On July 14, 1964, Major League Baseball umpires used replay to determine whether or not a home run call was correct.

The home run in question happened the day before during a doubleheader between the Chicago White Sox and the Kansas City A’s at Municipal Stadium. At the time, the White Sox were in third place just 2.5 games behind Baltimore. The A’s however were out of reach a distant 21 games back.

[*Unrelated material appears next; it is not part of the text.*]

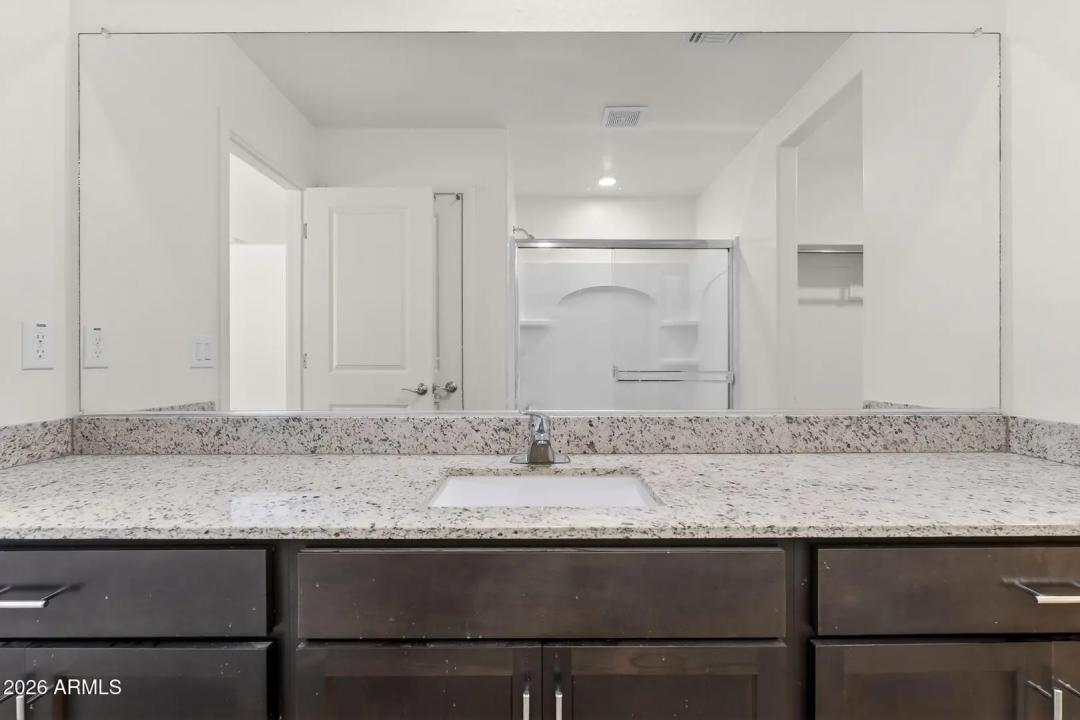 Real Estate Picture 29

In the bottom of the seventh inning of the second game, and the White Sox leading 6-3, A’s shortstop Wayne Causey hit a shot to right field off Don Mossi that appeared to have bounced off the top of the wall. Second base umpire Joe Paparella ruled it in-play and Causey pulled into second base for a double driving in Dick Green and Ken Harrelson. But home plate umpire Frank Umont saw it differently. Ironically, it was Umont’s vision that had been the topic of conversation eight years prior when in 1956 he became the first Major League Umpire to wear spectacles in a game. At the time Umont remarked, “I expect to be ribbed about my glasses, bu I don’t expect it will worry me.”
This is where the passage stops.